───── Given data ─────

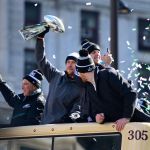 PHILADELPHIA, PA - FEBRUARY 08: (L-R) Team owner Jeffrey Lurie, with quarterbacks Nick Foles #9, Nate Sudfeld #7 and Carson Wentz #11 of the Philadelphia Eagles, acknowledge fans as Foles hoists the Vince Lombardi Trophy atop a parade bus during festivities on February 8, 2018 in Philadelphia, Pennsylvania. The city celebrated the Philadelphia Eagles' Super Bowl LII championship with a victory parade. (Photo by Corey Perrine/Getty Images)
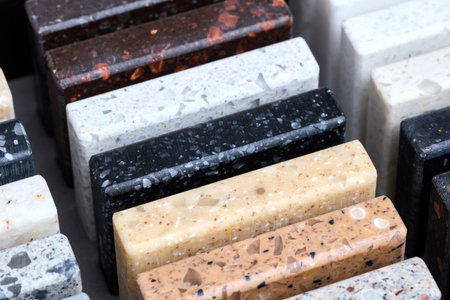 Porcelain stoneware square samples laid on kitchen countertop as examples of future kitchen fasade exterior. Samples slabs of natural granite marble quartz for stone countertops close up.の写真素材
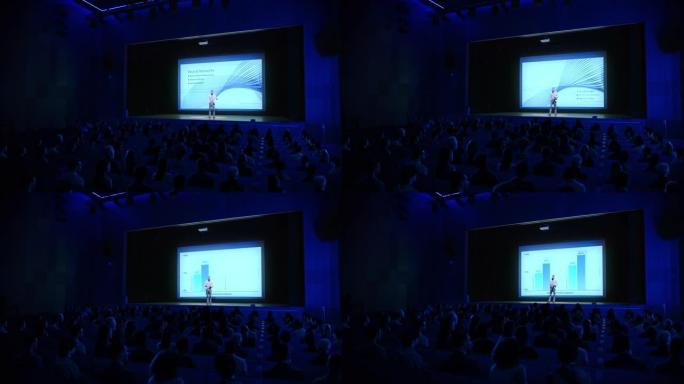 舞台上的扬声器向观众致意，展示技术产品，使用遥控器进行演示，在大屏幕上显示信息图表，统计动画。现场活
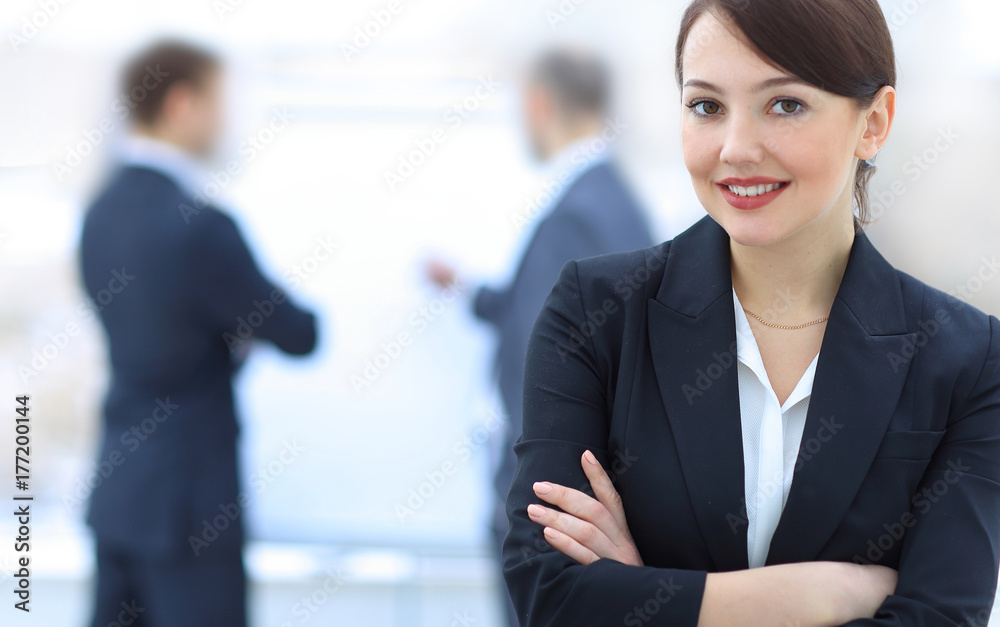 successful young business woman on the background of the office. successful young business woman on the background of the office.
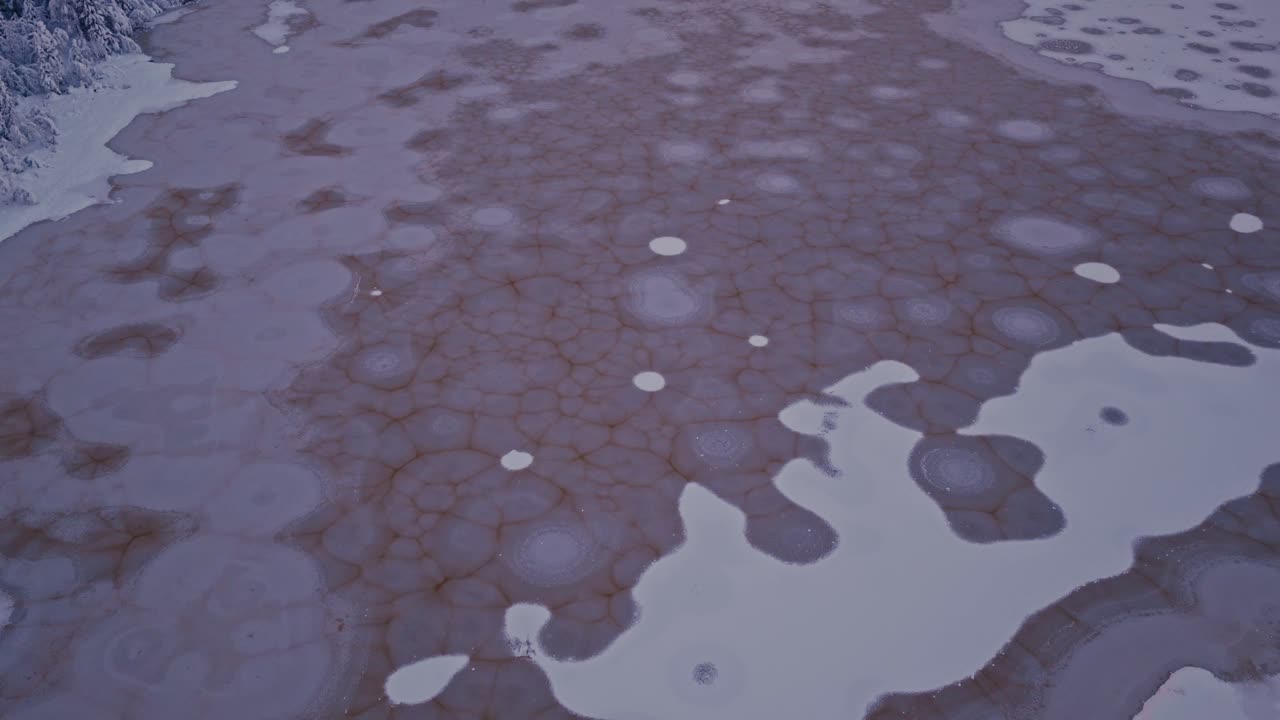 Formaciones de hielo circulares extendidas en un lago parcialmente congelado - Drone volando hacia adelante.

─────

Task to carry out →
For this exercise, please reproduce the records above exactly and drop the images.

Exercise result →
 PHILADELPHIA, PA - FEBRUARY 08: (L-R) Team owner Jeffrey Lurie, with quarterbacks Nick Foles #9, Nate Sudfeld #7 and Carson Wentz #11 of the Philadelphia Eagles, acknowledge fans as Foles hoists the Vince Lombardi Trophy atop a parade bus during festivities on February 8, 2018 in Philadelphia, Pennsylvania. The city celebrated the Philadelphia Eagles' Super Bowl LII championship with a victory parade. (Photo by Corey Perrine/Getty Images)
 Porcelain stoneware square samples laid on kitchen countertop as examples of future kitchen fasade exterior. Samples slabs of natural granite marble quartz for stone countertops close up.の写真素材
 舞台上的扬声器向观众致意，展示技术产品，使用遥控器进行演示，在大屏幕上显示信息图表，统计动画。现场活
 successful young business woman on the background of the office. successful young business woman on the background of the office.
 Formaciones de hielo circulares extendidas en un lago parcialmente congelado - Drone volando hacia adelante.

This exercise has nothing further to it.